RECORDS ->
· · · · · · ·
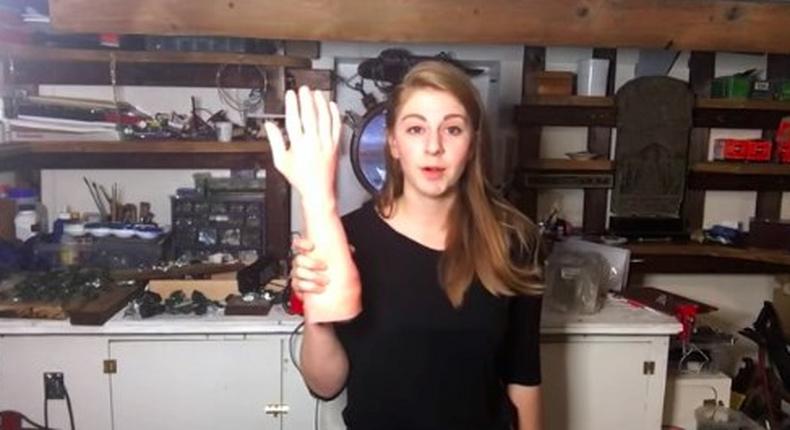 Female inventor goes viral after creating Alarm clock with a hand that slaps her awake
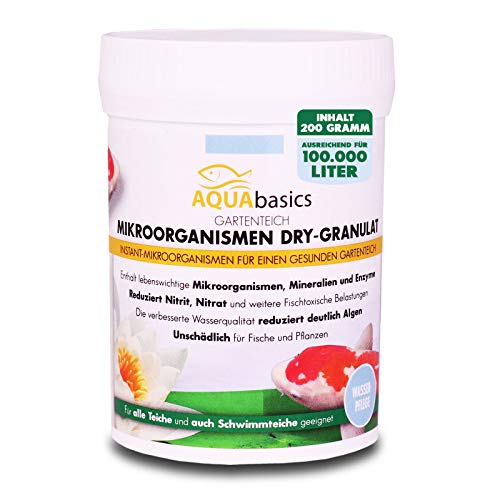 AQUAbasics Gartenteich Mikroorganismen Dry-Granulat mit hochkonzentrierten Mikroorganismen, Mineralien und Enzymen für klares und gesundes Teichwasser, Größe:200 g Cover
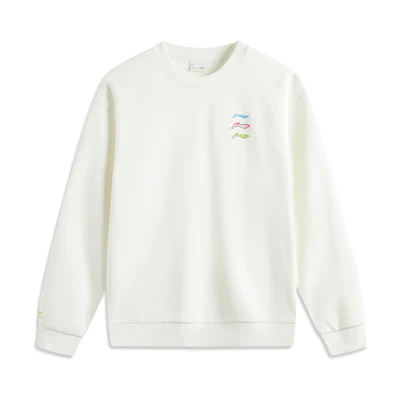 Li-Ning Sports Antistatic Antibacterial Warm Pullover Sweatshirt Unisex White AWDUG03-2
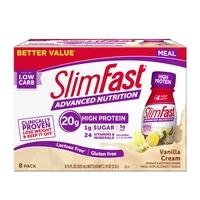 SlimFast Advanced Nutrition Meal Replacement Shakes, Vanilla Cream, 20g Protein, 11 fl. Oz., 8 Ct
· · · · · · ·
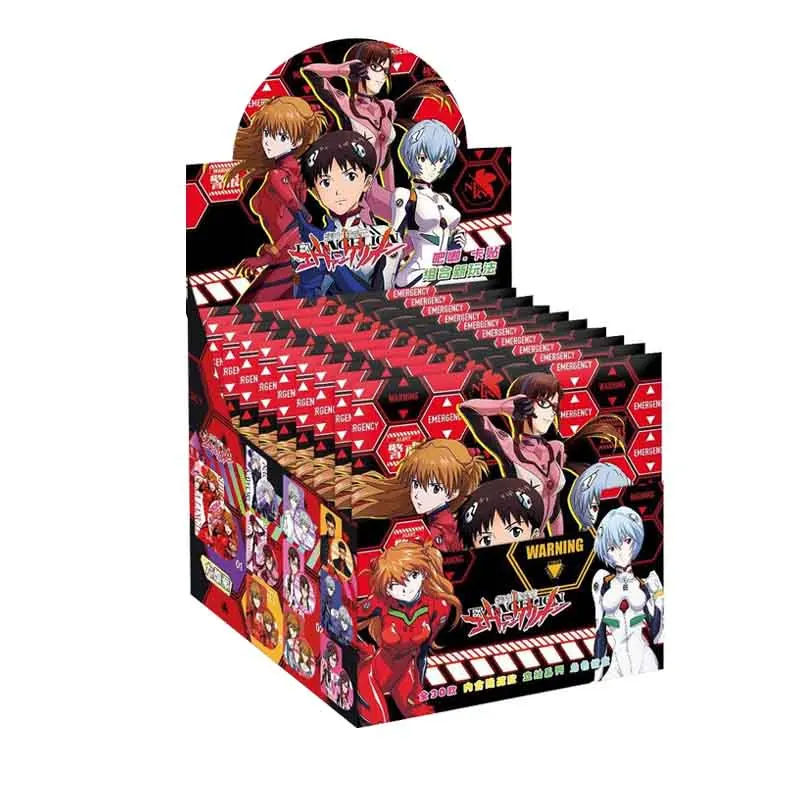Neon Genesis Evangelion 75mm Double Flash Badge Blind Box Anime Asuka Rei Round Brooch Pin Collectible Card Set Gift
· · · · · · ·
WHAT YOU SHOULD DO ->
I'd like the lines above repeated exactly, from the one that contains "Female inventor goes" through the one that contains "SlimFast Advanced Nutrition", with no pictures.

ANSWER TO THIS TASK ->
 Female inventor goes viral after creating Alarm clock with a hand that slaps her awake
 AQUAbasics Gartenteich Mikroorganismen Dry-Granulat mit hochkonzentrierten Mikroorganismen, Mineralien und Enzymen für klares und gesundes Teichwasser, Größe:200 g Cover
 Li-Ning Sports Antistatic Antibacterial Warm Pullover Sweatshirt Unisex White AWDUG03-2
 SlimFast Advanced Nutrition Meal Replacement Shakes, Vanilla Cream, 20g Protein, 11 fl. Oz., 8 Ct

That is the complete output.